Contester l’innocence du capitaine Dreyfus aujourd’hui, c’est remettre en selle
ceux qui la contestaient hier, ces penseurs et acteurs du « nationalisme
intégral » que furent les Maurras, Daudet ou Barrès, nommant le capitaine
Dreyfus « Judas » à longueur de colonnes, hurlant à
« l’anti-France », et excitant la veine nationaliste jusqu’aux
charniers de 14-18. Ces mêmes courants qui ont applaudi à la constitution des
fascismes en Europe.
L’hégémonie gaulliste sur la droite française pendant près d’un demi-siècle
aura eu tendance à faire oublier les racines profondes des forces conservatrices,
qui plongent dans le nationalisme le plus belliqueux, le racisme,
l’antisémitisme, et un corporatisme qui réunirait possesseurs du capital et
salariés dans « la magie » du travail exploité. Maurras et l’Action
française n’étaient pas des épiphénomènes mais, au contraire, des courants qui
ont structuré le discours et les pratiques de la droite jusqu’à la Libération.

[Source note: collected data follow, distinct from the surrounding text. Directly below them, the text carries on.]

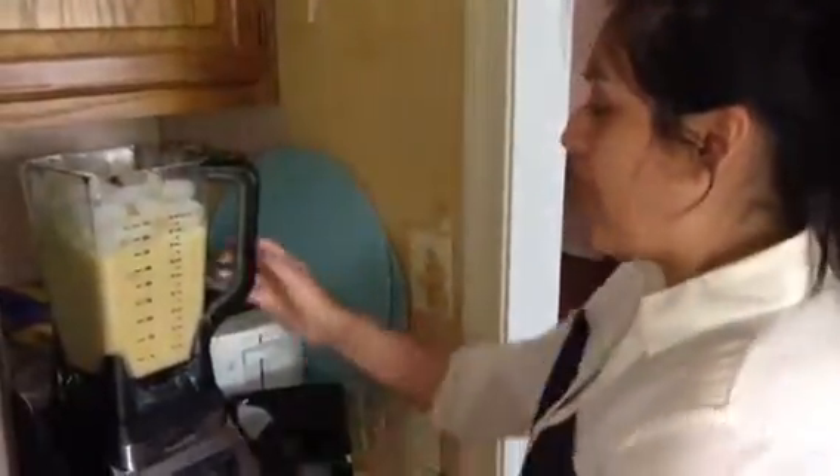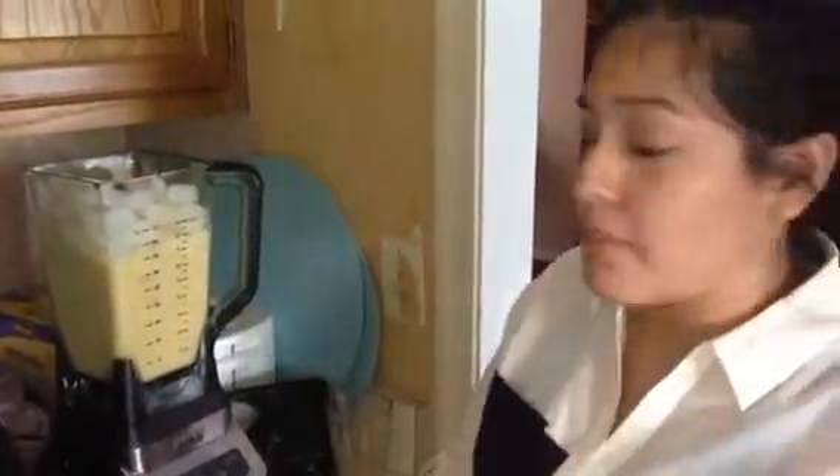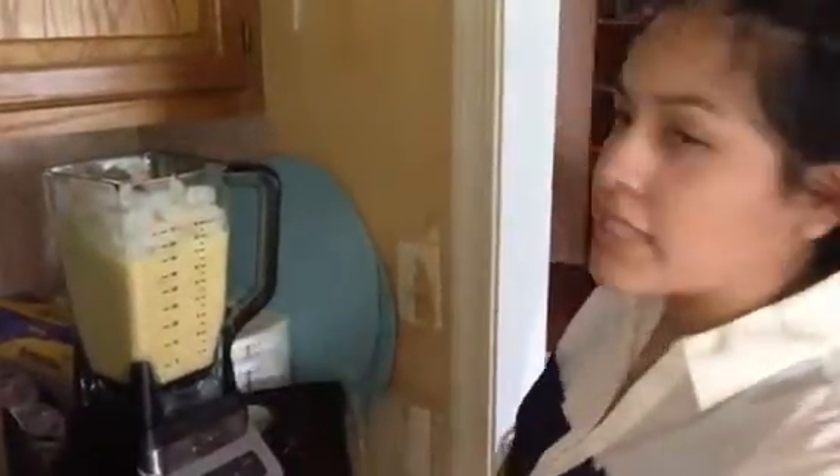Hey everyone, Gabby here. So I'm making a Your Vanilla Shake ice cream. We just put in two mangoes, one orange, eight scoops of vanilla MRP, and six cups of ice.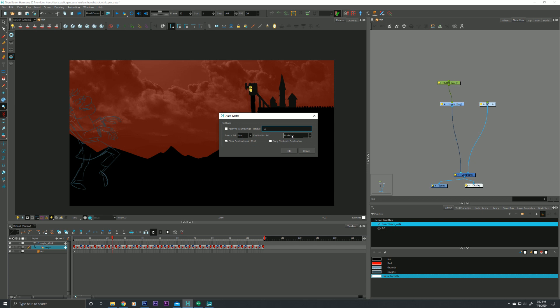Please check it out — I'll have a card or a link in my description. You can change these to wherever you want by playing with those drop boxes. The next option is 'Clear Destination Artwork First,' which means if you have something already sitting down there — maybe an old matte or some artwork you forgot to erase — you can keep that checked on or off as needed. The next one is 'Copy Strokes in Destination.' I typically keep that off to keep my file lighter so it can play back faster.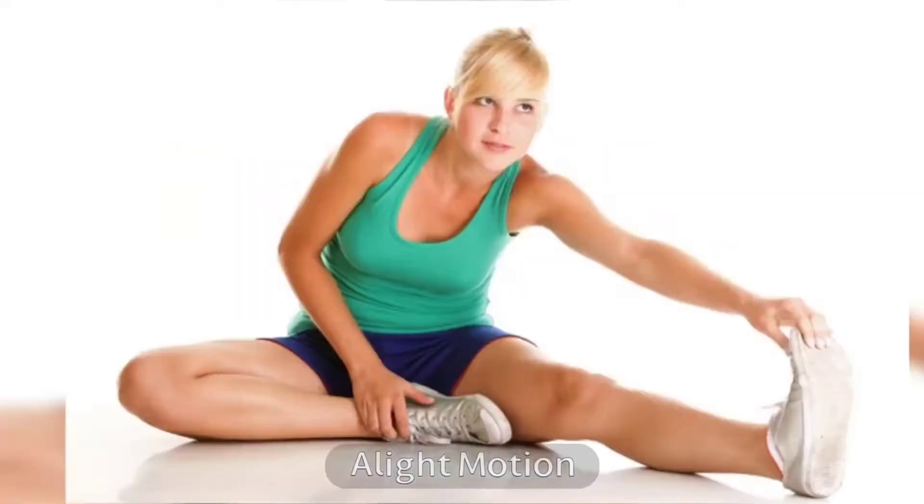8. One Hand Toe Touch. It is a simple exercise that helps with losing love handles quickly. One hand toe touch is a workout that helps you burn excess fat from the lower abdomen and waist. It is the best love handle workout.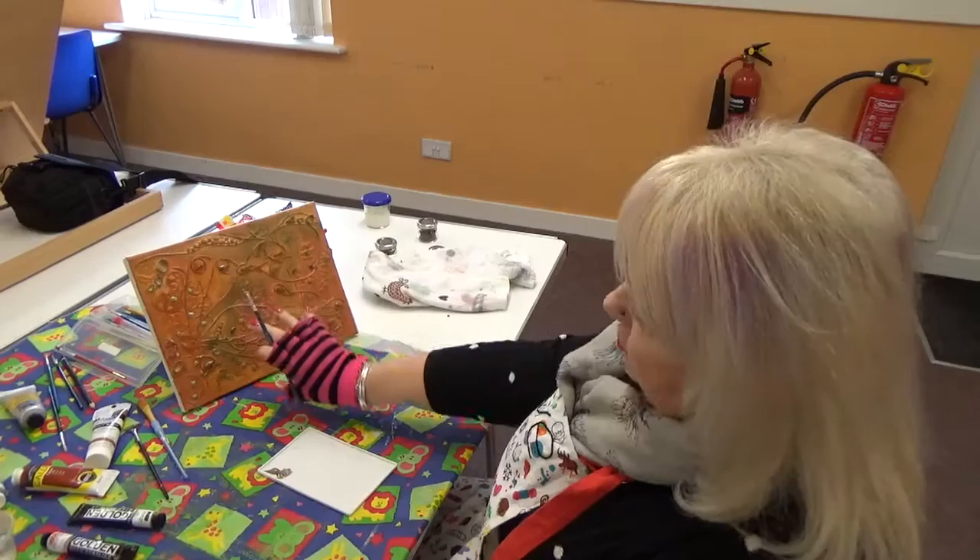I wanted, as you know, some more structure, more form. So I decided to add that, and gessoed over them.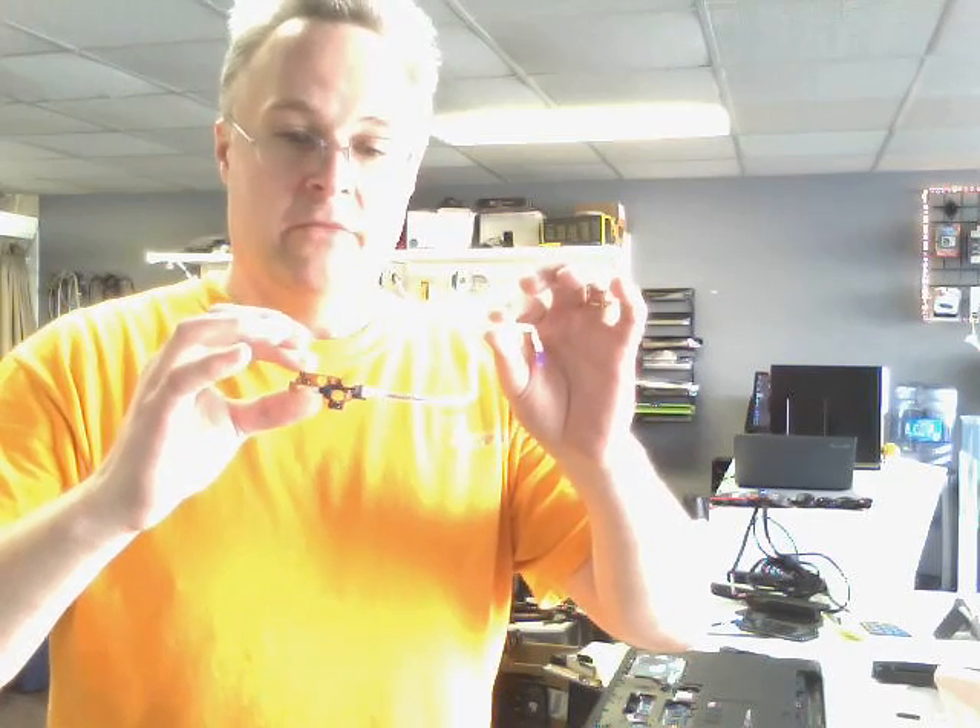This is the first time I've made a video on YouTube, so I'll make this quick. This power button fix applies to the Dell Inspiron 15 and Inspiron 17 models — 5558, 5758, 3568, 3558 — the Dell Inspiron 15 and 17 5000 series and/or 3000 series laptop notebooks.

Aux considérations stratégiques de cette attaque contre Dreyfus, s’ajoute
sans nul doute une considération tactique. Les origines juives de M. Zemmour
pourraient freiner l’adhésion à son entreprise politique des courants les plus
extrêmes, traditionalistes, cléricaux et antisémites de la droite. Qu’à cela ne
tienne ! Quel meilleur brevet d’acceptabilité leur offrir que de s’attaquer à
la figure honnie du « juif Dreyfus » ?
Ainsi, selon ses termes, Zemmour compte sceller l’alliance de « la
bourgeoisie patriote » des catégories supérieures et les masses
populaires. Cette alliance de classe a présidé au bonapartisme comme, dans un
contexte différent, au gaullisme. Elle a pour principale fonction d’ôter toute
autonomie d’action aux classes populaires chloroformées par les vapeurs
nationalistes et laissées à la merci du grand capital pour en devenir la
piétaille. Vieux rêve des classes possédantes et du capitalisme national
aujourd’hui à la manœuvre dans de nombreux pays, comme en témoigne le cas Trump
ou Bolsonaro au Brésil. La nouveauté, concernant la France, tient au point
d’équilibre de cette alliance, que M. Zemmour tente de faire tenir très à
droite, par la réconciliation de Maurras et de Gaulle, de l’OAS et du RPF, du
RPR et du FN, de Barrès et de Péguy. Y parviendra-t-il ? C’est aussi
l’affaire d’une droite qui se laisse voler son histoire récente.
Des courants conséquents sont tentés par le projet zemmourien, d’autres
l’ont déjà intégrée, comme en témoigne le vibrant accueil de l’ancien
journaliste du Figaro et de Cnews à l’université de rentrée du « Mouvement
conservateur », nouveau nom de « Sens commun », mouvement de
droite intégriste affilié aux « Républicains ». En témoigne également
le parcours de membres de son équipe de campagne qui, pour l’essentiel,
viennent de « LR » travaillent ou ont travaillé comme assistants
parlementaires ou collaborateurs de maires de droite. Se retrouvent enfin dans
ce cénacle des cadres importants des jeunes LR ou du syndicat UNI.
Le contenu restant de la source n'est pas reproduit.